Standards group tries to get more information for secure design

If a company selling you a chip, or a chunk of logic intended to go into one, tells you its design is secure, how can you be sure? Can they be sure? As it stands today, it would be a brave engineer to give a positive answer to either. If the experience has taught us anything, it’s that hackers will exploit any gaps they can. And a lot of those gaps arise out of misplaced confidence. A group from one of the leading standards bodies for chip design is trying to fix that problem, but is not sure how it’s going to solve it.

At the recent Design Automation Conference (DAC) in Las Vegas, members of the committee formed by Accellera, together with an observer from DARPA, set out the challenges they face with buying in IP cores such as processors and network interfaces and closing the holes in the final design that can invite hackers in. One answer may lie beyond conventional techniques.

Serge Leef, who joined DARPA last year as programme manager in the Microsystems Technology Office with a primary interest in design security, wants to see if ideas from the human immune can be adopted by the designers of system-on-chip (SoC) devices.
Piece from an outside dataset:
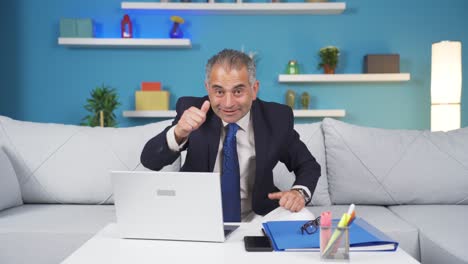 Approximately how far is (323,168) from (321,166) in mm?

Leef believes there are ideas in the immune system’s ability to protect against previously unseen viruses in many cases is something that could ultimately influence SoC design. One issue that no chipmaker wants to copy is the immune system’s tendency to attack itself under certain conditions. Something less ambitious could yield answers, working in a manner similar to that used by network-based warning systems now used by a lot of large organisations that watch for anomalous activity. “My vision is that security architecture involves a central nervous system. The design is made up of IP blocks that need to be connected by the tissue of this central nervous system,” he says.

The plans of the Accellera working group on IP security are for the moment far less ambitious, focused mainly on the kinds of guarantees that vendors can provide to integrators as to how their cores behave. Intel security researcher and working group chair Brent Sherman says: “The problem we are trying to solve in the working group is to find, as integrators, the information we need to determine the security of the IP we buy.”

This information could take the form of a risk assessment to show how the core would react under different scenarios. A potential outcome is for vendors to provide risk assessments for their cores based on different threat models. “It would show what kind of behaviours could undermine the IP. For example, test modes can undermine security and cause unwanted behaviours,” Sherman explains.

Companies making SoCs that are designed specifically for security already use a risk-assessment model. Lei Poo, technology director of secure architectures and platforms at Analog Devices, says: “You need to do a threat analysis ahead of time. Without that, you are at risk of either overdesigning or underdesigning: neither is good.”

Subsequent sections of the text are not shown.